The term hypersensitivity refers to those inappropriate immunological reactions, which rather than contributing to recovery, themselves produce tissue damage and forms an important and sometimes, a major part of the disease process. Hypersensitivity reactions can be provoked by many antigens; the cause of hypersensitivity reaction will vary from one individual to the next. Hypersensitivity is not manifested in first contact with the antigen, but usually appears on subsequent contact.


The hypersensitivity is classified into two types, i.e. immediate hypersensitivity and delayed hypersensitivity.

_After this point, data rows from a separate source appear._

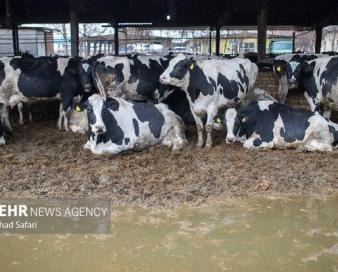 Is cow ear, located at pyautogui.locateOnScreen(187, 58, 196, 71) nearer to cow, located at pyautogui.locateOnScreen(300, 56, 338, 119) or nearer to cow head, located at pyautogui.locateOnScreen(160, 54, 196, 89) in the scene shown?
cow head, located at pyautogui.locateOnScreen(160, 54, 196, 89)

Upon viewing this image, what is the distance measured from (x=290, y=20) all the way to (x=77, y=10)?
12.1m

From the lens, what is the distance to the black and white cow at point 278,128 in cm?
784

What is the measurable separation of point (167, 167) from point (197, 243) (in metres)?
2.53

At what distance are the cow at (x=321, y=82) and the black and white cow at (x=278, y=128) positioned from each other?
1.15 metres

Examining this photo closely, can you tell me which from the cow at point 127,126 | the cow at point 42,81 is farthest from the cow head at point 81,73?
the cow at point 127,126

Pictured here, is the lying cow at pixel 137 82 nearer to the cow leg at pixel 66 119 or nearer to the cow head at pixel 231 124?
the cow leg at pixel 66 119

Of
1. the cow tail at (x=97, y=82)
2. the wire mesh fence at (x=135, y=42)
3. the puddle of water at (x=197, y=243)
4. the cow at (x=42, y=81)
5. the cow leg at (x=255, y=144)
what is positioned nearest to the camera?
the puddle of water at (x=197, y=243)

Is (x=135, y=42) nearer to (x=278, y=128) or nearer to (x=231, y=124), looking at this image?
(x=231, y=124)

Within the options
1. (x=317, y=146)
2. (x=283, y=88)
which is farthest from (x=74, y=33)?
(x=317, y=146)

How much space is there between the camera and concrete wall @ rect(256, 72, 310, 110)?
11008 millimetres

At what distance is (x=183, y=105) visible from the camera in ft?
31.8

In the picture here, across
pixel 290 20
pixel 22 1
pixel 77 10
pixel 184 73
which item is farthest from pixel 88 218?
pixel 290 20

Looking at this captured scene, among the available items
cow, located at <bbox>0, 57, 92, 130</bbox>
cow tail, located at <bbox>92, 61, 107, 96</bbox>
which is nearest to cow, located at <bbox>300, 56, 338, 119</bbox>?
cow tail, located at <bbox>92, 61, 107, 96</bbox>

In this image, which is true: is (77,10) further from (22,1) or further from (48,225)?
(48,225) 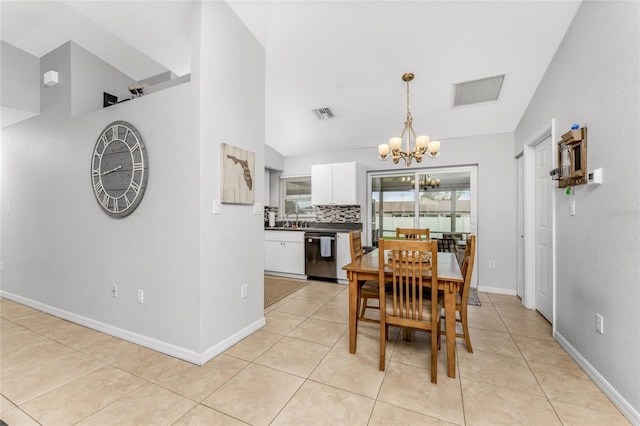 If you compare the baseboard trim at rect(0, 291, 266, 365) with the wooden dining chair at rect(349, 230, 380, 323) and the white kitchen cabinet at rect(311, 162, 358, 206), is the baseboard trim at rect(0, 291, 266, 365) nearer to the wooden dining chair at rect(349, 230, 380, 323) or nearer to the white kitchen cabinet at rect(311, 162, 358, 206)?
the wooden dining chair at rect(349, 230, 380, 323)

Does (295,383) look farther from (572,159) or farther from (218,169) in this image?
(572,159)

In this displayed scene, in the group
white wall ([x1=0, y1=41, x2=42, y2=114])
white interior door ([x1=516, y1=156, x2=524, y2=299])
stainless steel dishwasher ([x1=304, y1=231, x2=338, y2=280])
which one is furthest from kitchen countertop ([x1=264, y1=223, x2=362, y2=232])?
white wall ([x1=0, y1=41, x2=42, y2=114])

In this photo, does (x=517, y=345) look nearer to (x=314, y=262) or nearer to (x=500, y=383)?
(x=500, y=383)

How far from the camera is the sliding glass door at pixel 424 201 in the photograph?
435 centimetres

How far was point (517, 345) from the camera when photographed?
94.0 inches

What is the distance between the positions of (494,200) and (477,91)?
5.33 feet

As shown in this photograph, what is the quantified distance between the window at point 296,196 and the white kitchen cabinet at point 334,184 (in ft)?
1.85

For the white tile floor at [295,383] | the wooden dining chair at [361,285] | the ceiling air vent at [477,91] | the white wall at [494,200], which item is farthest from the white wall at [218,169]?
the white wall at [494,200]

  • Immediate hypersensitivity: This type of hypersensitivity includes the following:
  1. Type I: Anaphylactic or atopic reaction
  2. Type 2: Cytolytic or cytotoxic reaction or antibody cell surface reaction
  3. Type 3: Immune complex reaction
  • Delayed hypersensitivity: This type of hypersensitivity include the following:
    • Type 4: Hypersensitivity

Type I, II and III reactions depend on interaction of antigen with humoral antibody and tend to be called immediate type hypersensitive reactions although, some are more immediate than others. Type 4 reaction involves T cell recognition and because of longer time course, this is referred to delayed type of hypersensitivity reaction.


Hypersensitivity Type I: Anaphylactic or atopic reaction


This most common type of hypersensitivity is mediated by IgE and causes mild e.g. hayfever, to life threatening e.g. bee sting, clinical situations. Some individuals (atopic) have a genetic predisposition to make high levels of IgE. Skin tests can be used to test for sensitivity to allergens.

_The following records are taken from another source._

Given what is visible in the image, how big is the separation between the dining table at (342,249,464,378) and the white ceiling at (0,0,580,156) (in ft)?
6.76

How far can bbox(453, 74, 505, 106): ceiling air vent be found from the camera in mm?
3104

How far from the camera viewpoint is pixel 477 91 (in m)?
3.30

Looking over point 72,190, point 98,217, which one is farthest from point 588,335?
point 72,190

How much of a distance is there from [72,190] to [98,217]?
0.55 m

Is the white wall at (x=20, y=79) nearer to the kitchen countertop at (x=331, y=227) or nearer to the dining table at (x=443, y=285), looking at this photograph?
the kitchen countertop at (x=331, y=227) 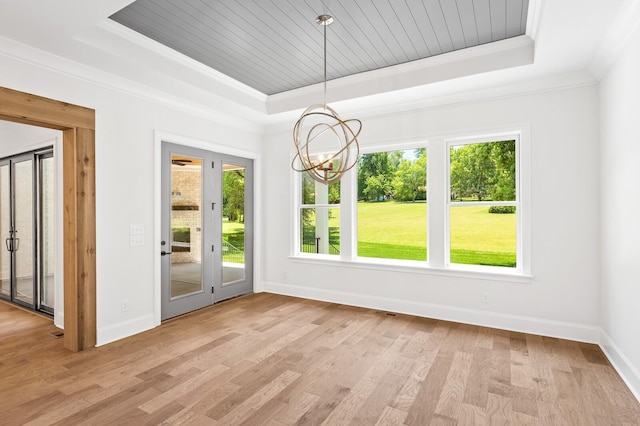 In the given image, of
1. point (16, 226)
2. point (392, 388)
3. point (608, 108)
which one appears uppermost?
point (608, 108)

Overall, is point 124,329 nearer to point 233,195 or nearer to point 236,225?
point 236,225

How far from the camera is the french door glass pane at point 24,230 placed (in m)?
4.74

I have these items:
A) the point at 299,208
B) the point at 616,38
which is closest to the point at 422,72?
the point at 616,38

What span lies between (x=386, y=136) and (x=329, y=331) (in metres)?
2.62

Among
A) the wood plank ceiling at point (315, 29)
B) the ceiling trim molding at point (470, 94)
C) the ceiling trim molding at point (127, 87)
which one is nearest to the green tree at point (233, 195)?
the ceiling trim molding at point (127, 87)

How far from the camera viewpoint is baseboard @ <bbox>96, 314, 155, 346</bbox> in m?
3.48

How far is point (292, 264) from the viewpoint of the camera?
17.8ft

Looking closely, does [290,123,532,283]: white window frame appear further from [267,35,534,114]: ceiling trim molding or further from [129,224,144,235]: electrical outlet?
[129,224,144,235]: electrical outlet

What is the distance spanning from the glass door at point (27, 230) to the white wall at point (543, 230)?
4.45 m

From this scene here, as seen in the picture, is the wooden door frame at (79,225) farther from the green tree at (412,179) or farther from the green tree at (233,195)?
the green tree at (412,179)

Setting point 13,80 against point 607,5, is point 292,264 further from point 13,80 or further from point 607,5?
point 607,5

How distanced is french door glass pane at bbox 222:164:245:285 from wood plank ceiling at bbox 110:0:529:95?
1.69 m

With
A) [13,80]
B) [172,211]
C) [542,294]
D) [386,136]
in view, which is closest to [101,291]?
[172,211]

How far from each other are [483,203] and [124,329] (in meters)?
4.31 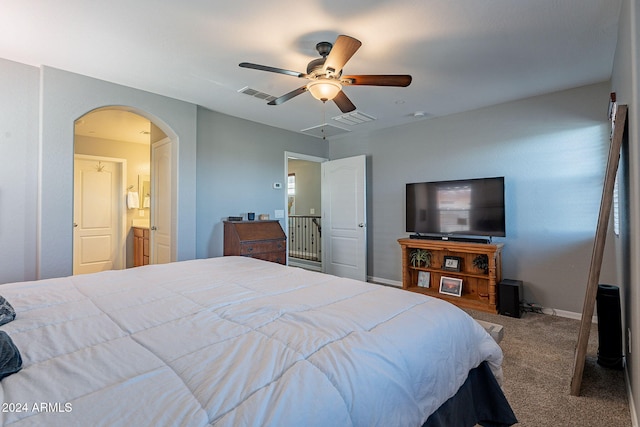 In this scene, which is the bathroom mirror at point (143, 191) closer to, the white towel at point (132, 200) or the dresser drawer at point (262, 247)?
the white towel at point (132, 200)

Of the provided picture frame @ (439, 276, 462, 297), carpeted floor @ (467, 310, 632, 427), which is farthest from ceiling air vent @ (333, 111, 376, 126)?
carpeted floor @ (467, 310, 632, 427)

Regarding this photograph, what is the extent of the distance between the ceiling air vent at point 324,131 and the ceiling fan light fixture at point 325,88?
7.74 ft

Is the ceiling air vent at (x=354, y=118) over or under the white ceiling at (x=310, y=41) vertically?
over

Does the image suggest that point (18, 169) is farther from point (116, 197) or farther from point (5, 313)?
point (116, 197)

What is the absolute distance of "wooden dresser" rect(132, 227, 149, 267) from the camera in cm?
506

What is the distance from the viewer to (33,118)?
282 cm

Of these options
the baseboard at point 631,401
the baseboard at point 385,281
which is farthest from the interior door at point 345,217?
the baseboard at point 631,401

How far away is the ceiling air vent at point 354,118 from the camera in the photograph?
4.25m

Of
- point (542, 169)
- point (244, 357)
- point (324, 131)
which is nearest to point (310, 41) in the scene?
point (244, 357)

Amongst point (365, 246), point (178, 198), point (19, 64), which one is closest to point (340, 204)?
point (365, 246)

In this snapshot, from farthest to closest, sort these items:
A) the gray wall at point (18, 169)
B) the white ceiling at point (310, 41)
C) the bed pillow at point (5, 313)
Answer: the gray wall at point (18, 169), the white ceiling at point (310, 41), the bed pillow at point (5, 313)

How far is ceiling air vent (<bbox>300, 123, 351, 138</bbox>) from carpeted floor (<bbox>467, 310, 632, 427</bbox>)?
3620 millimetres

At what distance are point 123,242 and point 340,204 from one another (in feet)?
13.6

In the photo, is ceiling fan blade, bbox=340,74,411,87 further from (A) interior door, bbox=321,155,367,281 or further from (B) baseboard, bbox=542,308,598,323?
(B) baseboard, bbox=542,308,598,323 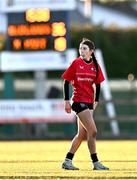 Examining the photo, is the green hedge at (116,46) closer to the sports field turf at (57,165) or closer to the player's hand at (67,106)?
the sports field turf at (57,165)

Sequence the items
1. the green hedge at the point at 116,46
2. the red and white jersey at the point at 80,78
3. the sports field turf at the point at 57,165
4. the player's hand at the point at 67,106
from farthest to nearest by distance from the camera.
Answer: the green hedge at the point at 116,46, the red and white jersey at the point at 80,78, the player's hand at the point at 67,106, the sports field turf at the point at 57,165

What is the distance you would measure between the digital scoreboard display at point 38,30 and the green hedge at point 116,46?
6393 mm

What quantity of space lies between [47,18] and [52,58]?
4.83 feet

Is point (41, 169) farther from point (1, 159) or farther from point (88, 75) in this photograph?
point (1, 159)

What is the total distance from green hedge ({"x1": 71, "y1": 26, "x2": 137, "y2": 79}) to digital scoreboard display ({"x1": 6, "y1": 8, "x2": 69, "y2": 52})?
21.0ft

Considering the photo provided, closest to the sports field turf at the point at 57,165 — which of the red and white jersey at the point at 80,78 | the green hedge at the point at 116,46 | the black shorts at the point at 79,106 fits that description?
the black shorts at the point at 79,106

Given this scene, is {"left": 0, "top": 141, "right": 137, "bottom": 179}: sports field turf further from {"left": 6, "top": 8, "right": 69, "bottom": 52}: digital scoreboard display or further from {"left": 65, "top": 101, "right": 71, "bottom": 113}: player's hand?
{"left": 6, "top": 8, "right": 69, "bottom": 52}: digital scoreboard display

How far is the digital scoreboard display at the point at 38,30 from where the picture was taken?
1065 inches

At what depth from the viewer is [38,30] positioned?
27.0 meters

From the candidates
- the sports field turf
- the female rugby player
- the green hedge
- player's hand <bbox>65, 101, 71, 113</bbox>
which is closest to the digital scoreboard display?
the green hedge

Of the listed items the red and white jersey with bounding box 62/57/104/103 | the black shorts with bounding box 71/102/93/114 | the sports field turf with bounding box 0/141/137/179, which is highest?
the red and white jersey with bounding box 62/57/104/103

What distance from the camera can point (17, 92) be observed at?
33.1 metres

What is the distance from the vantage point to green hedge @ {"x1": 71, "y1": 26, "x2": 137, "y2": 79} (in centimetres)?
3412

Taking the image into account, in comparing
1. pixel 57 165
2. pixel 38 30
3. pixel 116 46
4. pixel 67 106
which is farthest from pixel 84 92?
pixel 116 46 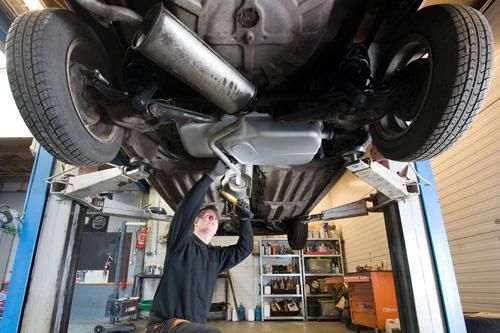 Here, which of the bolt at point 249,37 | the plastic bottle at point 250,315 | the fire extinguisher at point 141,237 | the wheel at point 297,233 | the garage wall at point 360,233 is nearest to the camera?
the bolt at point 249,37

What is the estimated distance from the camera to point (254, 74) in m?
1.15

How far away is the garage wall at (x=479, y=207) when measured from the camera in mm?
2873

Allergy affects about 17% of the population through mild e.g. hayfever, to life threatening conditions e.g. bee sting allergy. It is mediated by IgE which is normally found in very small amounts in the circulation and has probably evolved to protect us against worm infestations.

Allergic reactions can occur to normally harmless antigens (such as pollen or foodstuffs) and microbial antigens (fungi, worms). Some individuals in the population are genetically predisposed to respond to certain antigens by producing IgE to these antigens and are said to be atopic. Testing for allergy (Prausnitz-Kustner test) involves introduction of the allergen intradermally. A positive skin test occurs in the form of a wheal (fluid accumulation) and flare (redness) reaction at the site of injection.

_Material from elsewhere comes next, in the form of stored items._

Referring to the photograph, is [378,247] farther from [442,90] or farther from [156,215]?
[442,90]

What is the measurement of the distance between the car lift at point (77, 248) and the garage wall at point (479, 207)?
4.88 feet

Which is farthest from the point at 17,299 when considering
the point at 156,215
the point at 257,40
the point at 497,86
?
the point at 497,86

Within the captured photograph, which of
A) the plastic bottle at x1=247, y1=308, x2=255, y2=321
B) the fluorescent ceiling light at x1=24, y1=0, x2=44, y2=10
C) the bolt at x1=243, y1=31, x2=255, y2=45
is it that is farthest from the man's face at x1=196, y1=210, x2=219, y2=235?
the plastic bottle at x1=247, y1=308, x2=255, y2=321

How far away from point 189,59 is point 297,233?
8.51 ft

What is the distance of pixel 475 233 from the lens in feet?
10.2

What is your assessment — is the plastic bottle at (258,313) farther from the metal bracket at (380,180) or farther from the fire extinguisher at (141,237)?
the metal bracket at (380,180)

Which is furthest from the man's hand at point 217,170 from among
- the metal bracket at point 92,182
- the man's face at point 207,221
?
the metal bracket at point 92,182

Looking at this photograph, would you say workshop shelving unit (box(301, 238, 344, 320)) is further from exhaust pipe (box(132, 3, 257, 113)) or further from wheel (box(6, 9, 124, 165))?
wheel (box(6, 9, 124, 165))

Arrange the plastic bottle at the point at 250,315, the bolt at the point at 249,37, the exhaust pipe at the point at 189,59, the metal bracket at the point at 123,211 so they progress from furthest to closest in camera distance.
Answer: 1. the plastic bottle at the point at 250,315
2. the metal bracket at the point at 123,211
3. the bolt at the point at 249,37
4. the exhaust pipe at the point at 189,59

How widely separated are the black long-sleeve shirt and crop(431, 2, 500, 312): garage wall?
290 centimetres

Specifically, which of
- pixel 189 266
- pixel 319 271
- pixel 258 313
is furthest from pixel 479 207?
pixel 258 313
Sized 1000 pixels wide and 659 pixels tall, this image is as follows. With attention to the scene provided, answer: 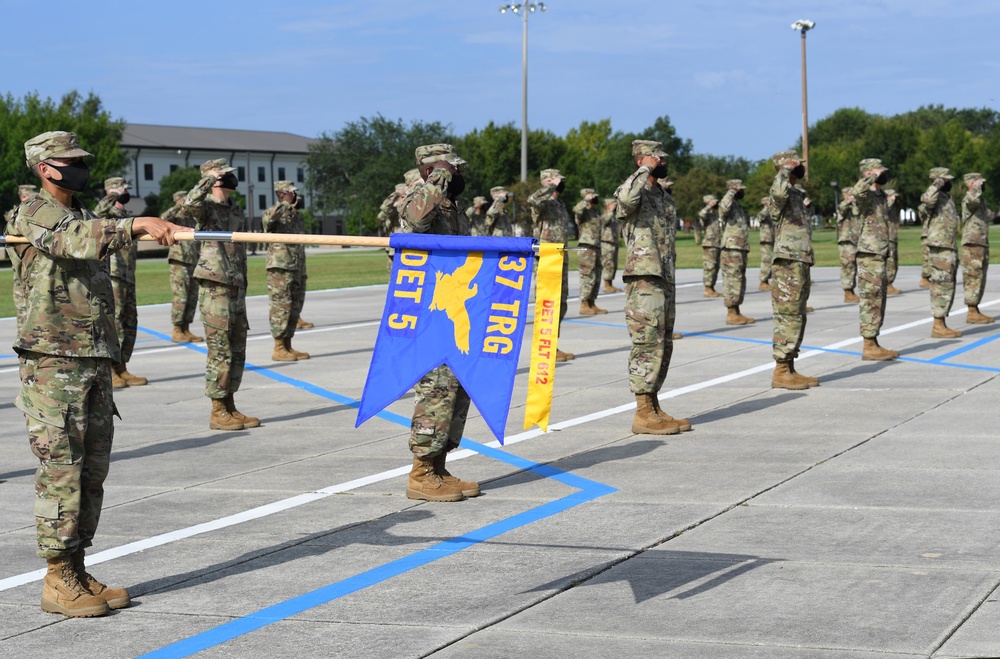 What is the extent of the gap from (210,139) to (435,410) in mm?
136803

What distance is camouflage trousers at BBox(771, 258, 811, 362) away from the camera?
1292 cm

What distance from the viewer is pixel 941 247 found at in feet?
57.7

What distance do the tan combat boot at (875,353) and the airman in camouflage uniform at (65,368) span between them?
10.8 m

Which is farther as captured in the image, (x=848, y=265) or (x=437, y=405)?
(x=848, y=265)

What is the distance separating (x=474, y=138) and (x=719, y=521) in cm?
8929

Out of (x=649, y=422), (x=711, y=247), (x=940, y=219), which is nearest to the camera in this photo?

Sensitization phase :- Sensitization to a particular antigen is dependent on stimulation of IgE antibody production. Thus, B cell antigen receptors specific for the allergen bind, internalize, process and present the antigen in MHC class II molecules. CD4+ Th2 cells recognize the antigen presented by these B cells and induce class switching of antigen-specific B cells.

These T cells also secrete IL-4 which is important for B cell growth and differentiation Why certain individuals become sensitized to particular antigens by producing IgE is unclear, but the possibilities include: (i) the genetics of the individual; (ii) environmental factors (pollution) that condition mucosal tissues of the immune system to produce IL-4 which then predisposes a Th2 response; and (iii) that regulation of the response through Th1 cells is defective.


Effector phase – IgE-mediated mast cell degranulation :- Specific IgE antibodies produced as a result of previous contact with antigen (allergen) diffuse throughout the body, eventually coming in contact with mast cells and basophils.

These cells have high affinity receptors for the Fc region of IgE and therefore bind to these antibodies. This does not have any effect on the mast cells directly until the specific antigen (allergen) is reintroduced into the body and comes into contact with the mast cell bearing the IgE antibodies in sufficient numbers to crosslink the antibodies on the cell surface.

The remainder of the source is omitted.